Formal methods are mathematically rigorous techniques for the specification, development, and verification of hardware and software systems. They provide a robust mathematical framework for system specification and verification that contributes to the reliability and robustness of a design. Over the years, formal methods have been applied to design several hardware and software systems including the NASA NextGen Air Traffic Transportation Systems, several microprocessor designs from major hardware vendors, such as Intel, IBM and AMD, and large distributed systems and secure-software repositories of major software technology companies, such as Facebook and Amazon. However, the inherent computational complexity limits the widespread applicability of formal methods due to the “state-space explosion problem.” Several mathematical and algorithmic advances have helped scale the application of formal methods to the design of complex systems, with most research focused on logic for system specification and verification, abstraction and composition techniques, and decision procedures for different mathematical theories.

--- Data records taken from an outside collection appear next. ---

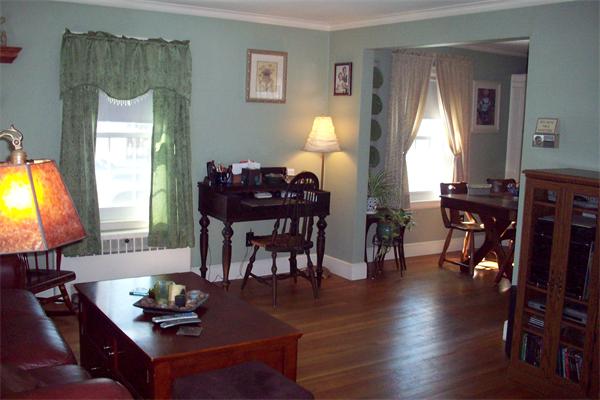 7 Birmingham Road Worcester, MA 01606 - Photo 2 of 18 Gallery Image 2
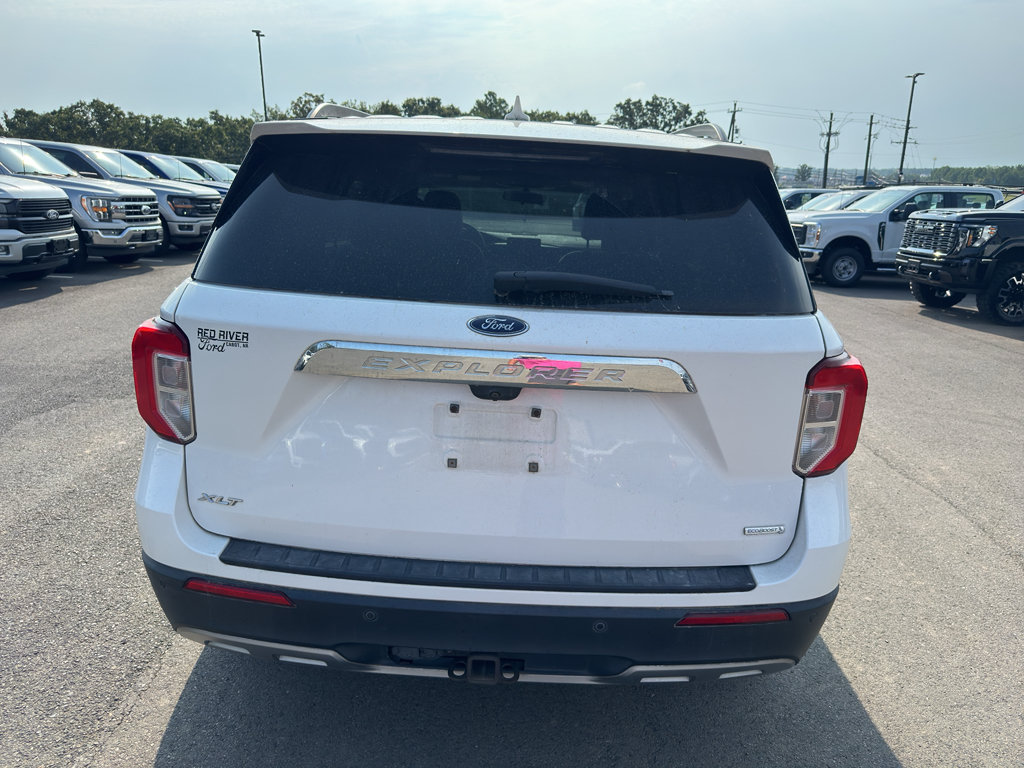 Certified 2020 Ford Explorer XLT w/ Equipment Group 202A RWD image 6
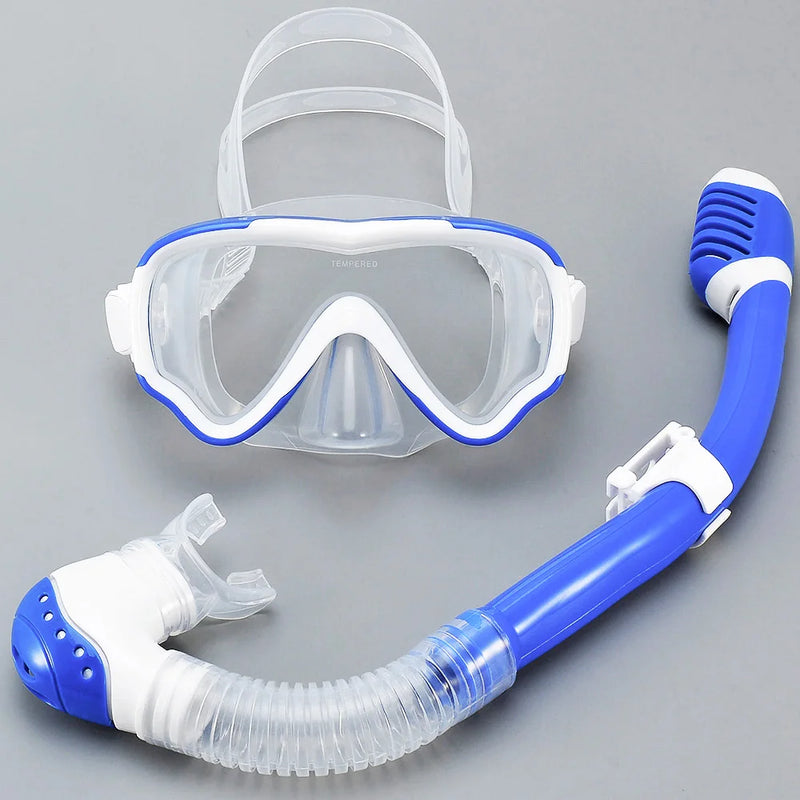 AquaJuni Kinder Tauchmaske mit Schnorchel | Anti-Beschlag & Auslaufsicher | Gehärtetes Glas & Silikon | Für Jungen & Mädchen 7–15 Jahre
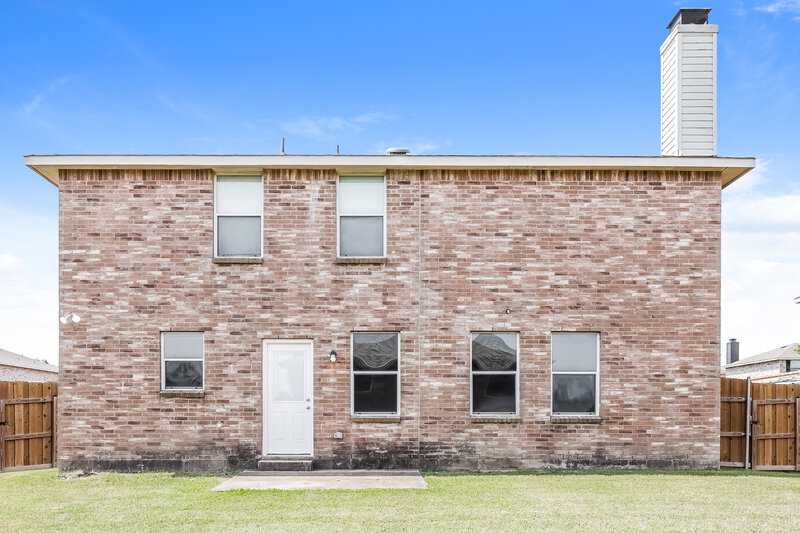 2,320/Mo, 1222 Wisdom Dr Cedar Hill, TX 75104 Rear View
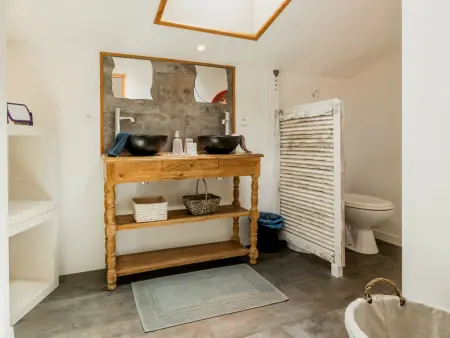 Gîte en grange rénovée, piscine et étang aux Marais Bretons : photo 11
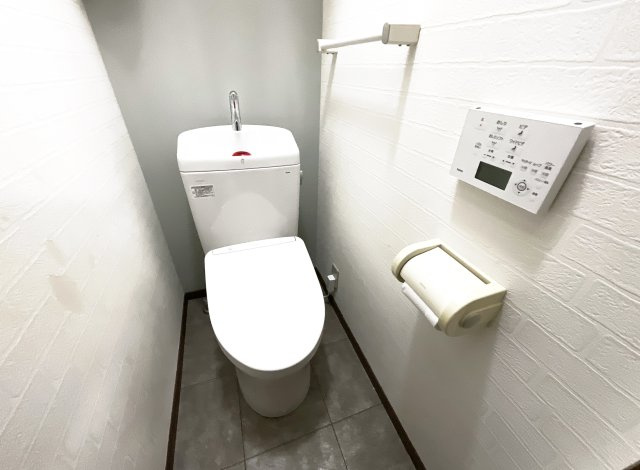 【トイレ】 | 伏見区醍醐構口町　中古戸建 | トイレは、1階と2階にあります。万が一の時でもトイレが2ヶ所にあると大変助かります。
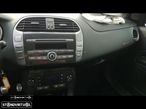 Traseira / Frente /Interior Fiat Bravo 2011 T-Jet - 4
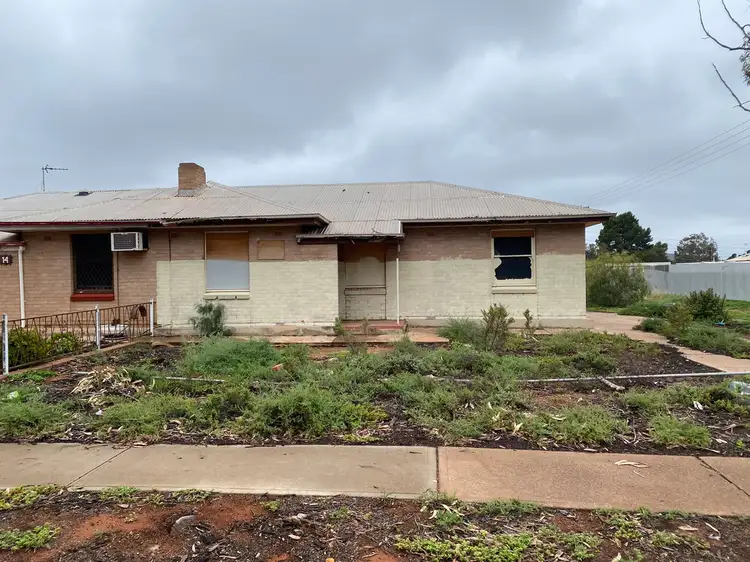 16 Dunsford Street, Whyalla Stuart SA 5608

State-of-the-art advances in formal methods and widespread adoption of cloud computing has led to an increased interest in the use of parallel computing infrastructures to tackle the scalability limitations of formal methods. High-performance computing (HPC) is a key-enabler for scaling the applicability of formal methods to large and complex problems, besides fundamental algorithmic advances. HPC can enable both vertical scalability, e.g., running multiple “independent” tasks in parallel, and horizontal scalability, e.g., breaking up an individual task into smaller “co-dependent” parallel tasks. It is well-known that formal-methods algorithms are computationally-expensive, e.g., model checking, and major algorithmic advances are rare due to the inherent problem complexity. Therefore, the successful application of HPC to formal methods will take advantage of high-performance computing platforms for the verification of complex systems by utilizing parallel algorithms for verification and synthesis (e.g., parallel model checking algorithms), various divide-and-conquer decision procedures (e.g., parallel SAT solving), and parallel problem orchestration (e.g., efficient distribution of individual tasks across a compute cluster).

This Research Topic welcomes submissions of papers reporting both original research and case studies on algorithmic advances and the use of high-performance computing for scaling automated reasoning and application of formal methods in system verification and synthesis, and mathematical and logical foundations of parallel formal verification and synthesis algorithms including contributions discussing complexity and correctness guarantees of parallel algorithms. Topics of interest include (but are not limited to):

● Algorithms and tools for verifying models and implementations; including model-checking, theorem proving, runtime verification, and decision procedures

● Algorithms and tools for system synthesis; including software synthesis and reactive (discrete-time, timed, hybrid) synthesis

● Mathematical and logical foundations of scalable formal verification and synthesis algorithms; including complexity analysis, correctness guarantees, and performance improvements

● Case studies and experience reports on the use of high-performance computing in applying formal methods for system verification and synthesis.